Mixed by Thomas Moreau (Head of Training @ Whatever) in Enterprise search, Trends
August
An article originally posted on Alt Search Engines
“The more razzle dazzle you slap on a key word indexing system, the more storage, bandwidth, CPU cycles, and plumbing you will need. The way key word indexing can bring an older Pentium computer to it knees when it runs Google Desktop Search or another “free” desktop search system provides a real-life example of how search usurps resources. Even the simplest keyword indexing requires a large part of a computer’s resources when indexes are updated and rebuilt. The more users and the more content you process, the more plumbing you need. When you slap on additional content processing, you are in a poker game that you cannot win. The computational odds are stacked against you. The fix is to process less content or turn off features. Believe me, even the big guys do this. Google and Microsoft, for example, have priorities for their indexing.”
Read the full article at altsearchengines.com
In my opinion…
Very interesting (but not that optimistic) post from Stephen E. Arnold about Search and its (no) future.

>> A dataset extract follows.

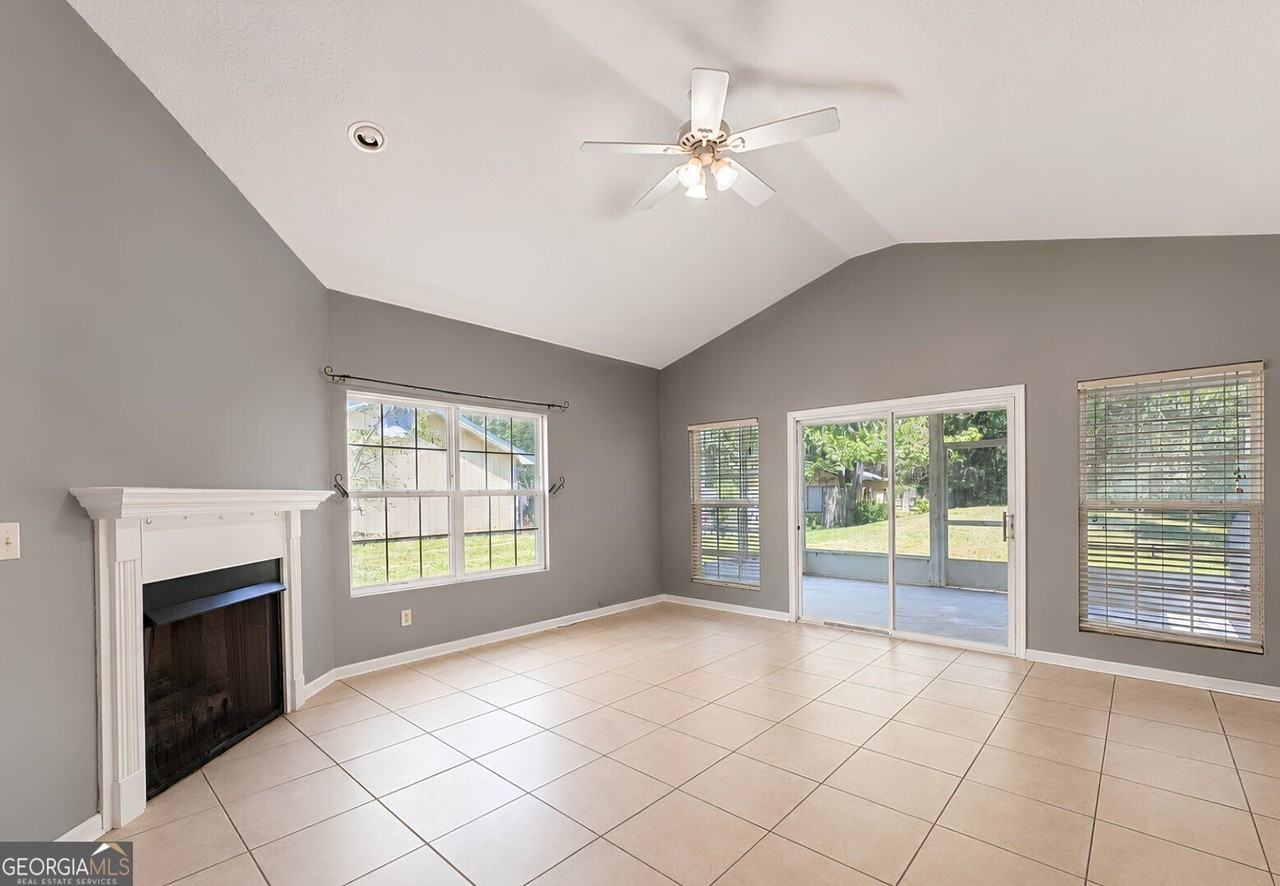 448 Deals Cir S - Photo 5 of 29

Though we might agree on some points, we believe in the future of enterprise search (I suppose you had guessed it).
I chose this extract just to say that indeed, search tools should have to process less content. And considering the enterprise as a community, the content itself should be defined by the end-users themselves. They know what is valuable. They have expertise. They should be able to share only what they think might be relevant to others. This, in my opinion, could be the fix. Sharing and indexing only what is valuable. ‘Turn up the signal, wipe out the noise’.
This would also reduce users’ dissatisfaction, and increase their engagement.